In the entries below, the lines from the one with "30Qt Turkey Fryer" through the one with "Calcomanías de Barbie" are to be copied exactly; both ends count.

[Opening DATA RECORDS section]

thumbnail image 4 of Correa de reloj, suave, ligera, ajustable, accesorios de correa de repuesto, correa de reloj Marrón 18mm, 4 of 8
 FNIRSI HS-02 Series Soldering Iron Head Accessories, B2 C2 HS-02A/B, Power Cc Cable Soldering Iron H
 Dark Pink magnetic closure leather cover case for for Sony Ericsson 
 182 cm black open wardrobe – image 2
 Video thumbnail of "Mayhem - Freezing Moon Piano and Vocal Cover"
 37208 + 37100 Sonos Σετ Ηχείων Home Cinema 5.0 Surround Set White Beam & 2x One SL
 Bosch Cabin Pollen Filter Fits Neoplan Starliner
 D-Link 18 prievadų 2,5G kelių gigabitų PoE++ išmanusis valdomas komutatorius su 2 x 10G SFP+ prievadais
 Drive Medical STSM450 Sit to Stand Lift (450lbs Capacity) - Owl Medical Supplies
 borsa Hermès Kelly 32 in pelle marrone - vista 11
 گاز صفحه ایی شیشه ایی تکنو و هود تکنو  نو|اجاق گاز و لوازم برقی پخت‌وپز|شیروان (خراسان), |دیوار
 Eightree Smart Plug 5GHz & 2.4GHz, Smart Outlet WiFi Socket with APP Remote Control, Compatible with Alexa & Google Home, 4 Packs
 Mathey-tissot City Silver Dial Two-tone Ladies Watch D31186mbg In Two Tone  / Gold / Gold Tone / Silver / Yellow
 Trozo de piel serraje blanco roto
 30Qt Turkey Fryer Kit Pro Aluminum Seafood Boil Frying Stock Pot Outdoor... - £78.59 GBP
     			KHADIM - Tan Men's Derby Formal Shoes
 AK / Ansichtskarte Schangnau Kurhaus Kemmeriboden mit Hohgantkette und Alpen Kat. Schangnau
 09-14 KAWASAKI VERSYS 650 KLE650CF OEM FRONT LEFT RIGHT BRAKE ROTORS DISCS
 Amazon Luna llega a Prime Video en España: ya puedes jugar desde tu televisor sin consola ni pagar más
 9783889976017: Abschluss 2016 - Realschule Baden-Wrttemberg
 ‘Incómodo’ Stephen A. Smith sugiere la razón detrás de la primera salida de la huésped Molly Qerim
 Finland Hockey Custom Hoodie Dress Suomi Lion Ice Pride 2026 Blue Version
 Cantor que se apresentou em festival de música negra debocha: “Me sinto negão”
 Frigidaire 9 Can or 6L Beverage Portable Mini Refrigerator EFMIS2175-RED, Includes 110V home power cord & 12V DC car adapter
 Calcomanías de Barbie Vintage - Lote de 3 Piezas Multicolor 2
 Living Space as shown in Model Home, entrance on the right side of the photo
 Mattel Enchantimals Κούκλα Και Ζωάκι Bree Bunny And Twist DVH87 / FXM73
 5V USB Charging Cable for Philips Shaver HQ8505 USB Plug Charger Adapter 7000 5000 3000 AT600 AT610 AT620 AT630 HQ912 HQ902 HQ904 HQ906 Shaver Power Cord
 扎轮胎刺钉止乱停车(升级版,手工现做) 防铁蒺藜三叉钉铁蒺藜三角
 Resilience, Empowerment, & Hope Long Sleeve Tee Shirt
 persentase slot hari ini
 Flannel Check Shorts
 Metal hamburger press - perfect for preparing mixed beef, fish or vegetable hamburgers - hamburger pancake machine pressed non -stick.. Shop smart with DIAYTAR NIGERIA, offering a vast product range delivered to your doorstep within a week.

[Closing DATA RECORDS section]

SOLUTION TO THE PROBLEM -
 30Qt Turkey Fryer Kit Pro Aluminum Seafood Boil Frying Stock Pot Outdoor... - £78.59 GBP
     			KHADIM - Tan Men's Derby Formal Shoes
 AK / Ansichtskarte Schangnau Kurhaus Kemmeriboden mit Hohgantkette und Alpen Kat. Schangnau
 09-14 KAWASAKI VERSYS 650 KLE650CF OEM FRONT LEFT RIGHT BRAKE ROTORS DISCS
 Amazon Luna llega a Prime Video en España: ya puedes jugar desde tu televisor sin consola ni pagar más
 9783889976017: Abschluss 2016 - Realschule Baden-Wrttemberg
 ‘Incómodo’ Stephen A. Smith sugiere la razón detrás de la primera salida de la huésped Molly Qerim
 Finland Hockey Custom Hoodie Dress Suomi Lion Ice Pride 2026 Blue Version
 Cantor que se apresentou em festival de música negra debocha: “Me sinto negão”
 Frigidaire 9 Can or 6L Beverage Portable Mini Refrigerator EFMIS2175-RED, Includes 110V home power cord & 12V DC car adapter
 Calcomanías de Barbie Vintage - Lote de 3 Piezas Multicolor 2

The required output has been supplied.